Imagino que os mais perceptivos dentre vocês aí, meus seis ou sete leitores, tenham se dado conta de uma coisa curiosa na minha coluna da semana passada: era a republicação de um texto que já havia saído neste espaço exatamente um ano antes, versando sobre literatura e política, um texto do qual gosto, aliás, mas não é como se um opinador contumaz como eu tivesse material para apenas um ano de coluna semanais e agora vou ficar apenas republicando ad infinitum meus textos menos constrangedores, não, não é isso. O que aconteceu foi que eu não consegui mandar o texto da semana passada para o nosso nobre e abnegado editor Luiz Fernando Moraes.
É algo de que não me orgulho, mas é que eu estava me divertindo tanto em uma experiência nostálgica de retorno a tempos mais simples que eu simplesmente perdi o prazo e o Luiz Fernando teve que reprisar texto antigo. Eu estava, pra ser sucinto, curtindo adoidado os diferentes estágios de uma gradual viagem no tempo proporcionada pelo esforço denodado de nossos principais governantes locais.
O primeiro estágio dessa jornada idílica a tempos menos cínicos se deu na noite de quarta-feira, em que, após 24 horas sem luz devido aos temporal que atingiu o Estado na noite de terça-feira, eu e minha mulher nos dedicamos a cozinhar um alentado jantar com tudo o que inevitavelmente estragaria na geladeira – em um golpe de infortúnio, era muita coisa, havíamos feito o supermercado no domingo, e eu ando precisando emagrecer, e claramente a função toda daquela comilança não ajudou muito.
Mas ter a oportunidade de ser lembrado do valor de um romântico jantar à luz de velas após uma relação de quase duas décadas é uma preciosidade, então é algo pelo que sempre serei grato à CEEE Equatorial, à forma como ela administra as ocorrências de falta de luz nesta nossa Porto Alegre. Pensamos até mesmo em caprichar na decoração com as cores vermelho e preto, combinação muito evocativa do período Romântico, mas dado o estado de breu de nosso apartamento só conseguiríamos distinguir as cores do tecido chegando aproximando das velas, o que não achamos muito recomendável em termos de segurança.

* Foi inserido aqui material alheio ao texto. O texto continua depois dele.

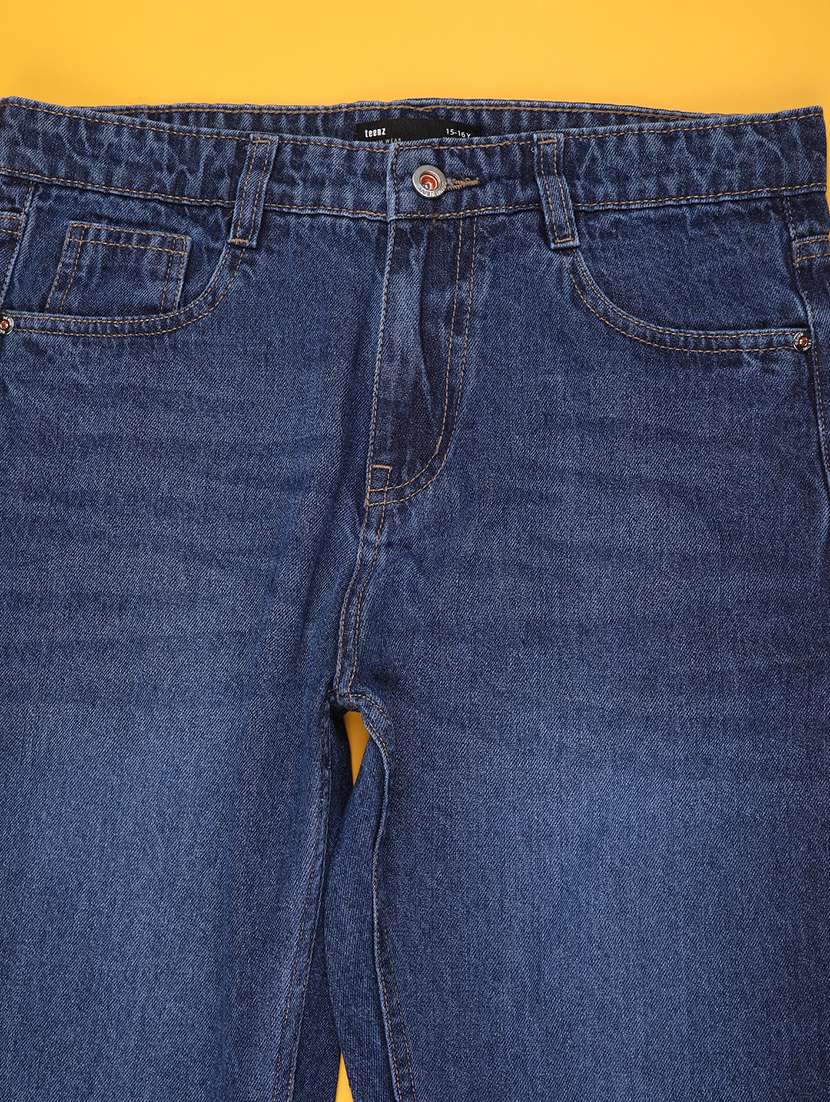 blue denim plain jean - 22397783 -  Standard Image - 2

Outro estágio fascinante da viagem do tempo que nos foi proporcionada pela gestão de crise da empresa que administra o fornecimento de luz, e que não para nem um minuto, muito menos para atender gente reclamona, mesmo que o reclamão seja o prefeito da Capital do Estado, foi a oportunidade de contemplar um estágio de civilização um pouco mais próximo de nós, mas hoje tão distante no tempo que parece difícil acreditar que ele existiu. Depois de uns dois dias sem luz, a bateria do celular arriou completamente, e foi uma delícia lembrar de tempos mais simples nos quais não éramos tão demandados por esse dispositivo do demônio, saíamos do trabalho e não havia forma de ninguém nos mandar mensagens e nem mesmo nossa mãe saberia nos encontrar quando saímos à rua.

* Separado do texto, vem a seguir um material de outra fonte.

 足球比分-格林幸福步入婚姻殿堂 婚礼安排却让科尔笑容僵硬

Foi como reviver momentos gloriosos que eu só acompanhei de relance nos anos 1980, quando era criança (imagino que quem se beneficiava desse tipo de arranjo era o meu pai, minha mãe, como a maioria das mulheres da idade dela naquele tempo, ainda sentia sobre si a pressão sutil do patriarcado e ficava a maior parte do tempo em casa). Aliás, a própria ideia de passar uma semana no escuro foi uma visita à infância em São Gabriel, lugar sujeito a periódicos apagões naqueles selvagens anos 80 (aliás, pelo que andei ouvindo de parentes e conhecidos em cidades do Interior servidas pela RGE, a outra concessionária privada do serviço de energia, não mudou muito, é só meu saudosismo falando).

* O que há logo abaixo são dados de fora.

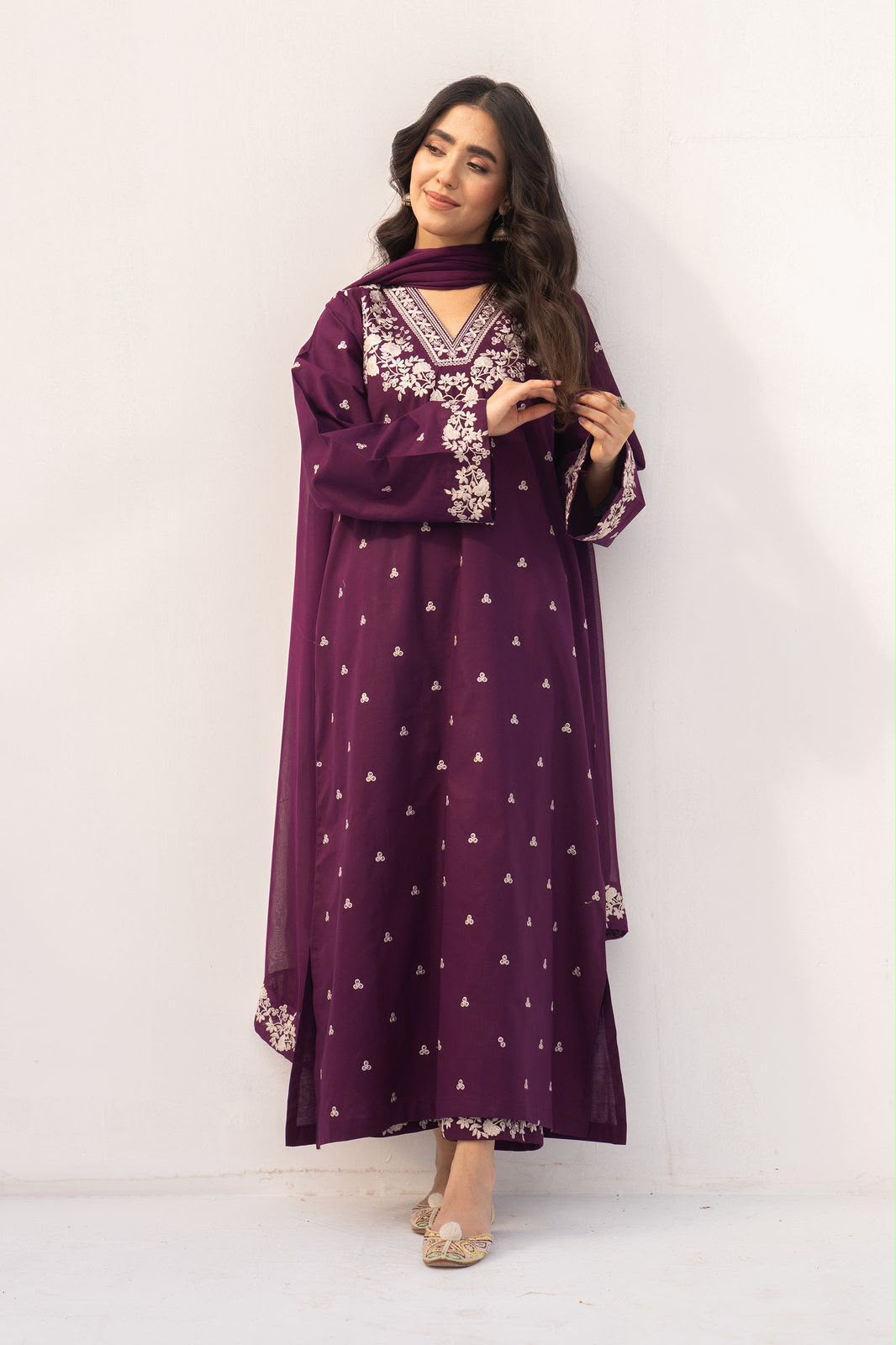 Batik Premium Embroidered Lawn 3 Piece Suit – Heavy Embroidered Front, Chiffon Dupatta & Trouser Patch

O problema, claro, é que mesmo com a cidade em caos e virada do avesso, você ainda precisa trabalhar, e como a falta de luz, de internet e até de rede telefônica torna inviável o teletrabalho, melhor ir mexendo essa bunda gorda (ainda mais depois do lauto jantar romântico à luz de velas) até um ponto de ônibus que não esteja na região que teve tráfico desviado para limpeza das árvores destroçadas. Bom que você já faz um exercício enquanto caminha entra ruas aleatórias tentando encontrar o ônibus que te levaria direto para o trampo e finalmente desiste e volta a um lugar em que você possa pegar dois ônibus. Uma oportunidade de ouro proporcionada a você, citadino desconectado do cotidiano de sua Capital, para se reconectar com o ritmo da cidade (entrecortado devido aos constantes bloqueios e ao fato de que as sinaleiras não estão funcionando) e com o verde que ainda nos cerca e que sobreviveu até agora, contra todas as expectativas, à sanha das últimas administrações alinhadas com as empreiteiras – aliás, a semana passada não foi só de viagem no tempo, foi de rever conceitos. Eu achei que, dada a tara da administração municipal por cortar árvores, o que não faltaria nos galpões da Prefeitura seriam motosserras, entendimento equivocado desfeito pelo apelo desesperado do atual prefeito para que a população emprestasse as suas. Vivendo e aprendendo.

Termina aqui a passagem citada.